DESIGN N = 114 socially anxious participants were prompted via a mobile app up to six times daily for five weeks to report their emotional state, use of 19 different ER strategies (or no strategy), physical location, and social context. Information from passive sensors was also collected.
METHODS Given the large number of ER strategies, we used two different approaches for variable reduction: (1) grouping ER strategies into categories based on a prior meta-analysis, and (2) considering only the ten most frequently used strategies. For each approach, an algorithm that recommends strategies based on one's current context was compared with an algorithm that recommends ER strategies randomly, an algorithm that always recommends cognitive reappraisal, and the person's observed ER strategy use. Contextual bandits were used to predict the effectiveness of the strategies recommended by each policy.

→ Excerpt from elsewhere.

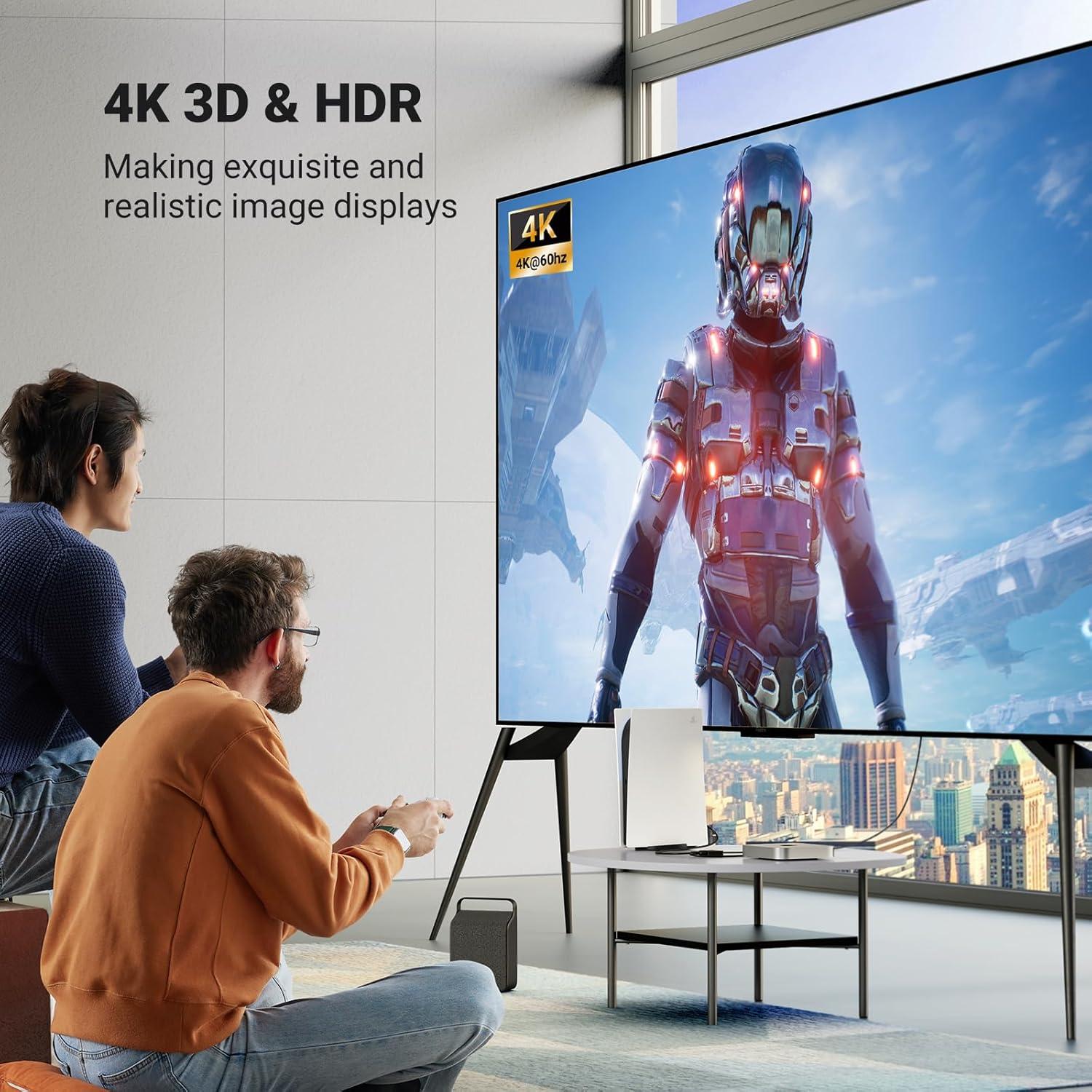 imageUGREEN HDMI Switch 4K60Hz with 33FT HDMI Cable Bidirectional HDMI Splitter 2 in 1 Out Support HD Dolby 3D HDR Compatible with PS54 Xbox Roku Apple TV Fire Stick Nintendo Switch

RESULTS When strategies were grouped into categories, the contextual algorithm was not the best performing policy. However, when the top ten strategies were considered individually, the contextual algorithm outperformed all other policies.

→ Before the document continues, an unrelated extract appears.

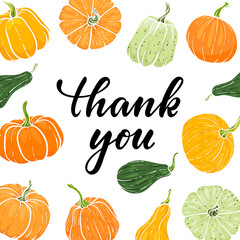 frame of hand drawn pumpkin. Thank you Hand drawn calligraphy and brush pen lettering. design for greeting card and invitation of seasonal american and canadian autumn holiday thanksgiving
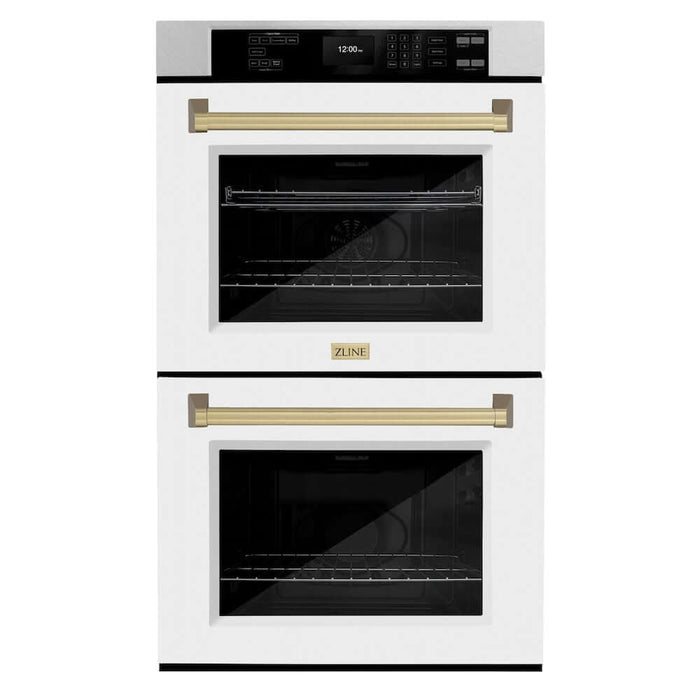 ZLINE Autograph Edition 30 in. Professional True Convection Double Wall Oven with Air Fry and Self Clean in DuraSnow® Stainless Steel with White Matte Doors and Champagne Bronze Handles (WADSZ-WM-30-CB)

CONCLUSIONS Grouping strategies into categories may obscure differences in their contextual effectiveness. Further, using strategies tailored to context is more effective than using cognitive reappraisal indiscriminately across all contexts. Future directions include deploying the contextual recommender algorithm as part of a just-in-time intervention to assess real-world efficacy.
PRACTITIONER POINTS Emotion regulation strategies vary in their effectiveness across different contexts. An algorithm that recommends emotion regulation strategies based on a person's current context may one day be used as an adjunct to treatment to help dysregulated individuals optimize their in-the-moment emotion regulation. Recommending flexible use of emotion regulation strategies across different contexts may be more effective than recommending cognitive reappraisal indiscriminately across all contexts.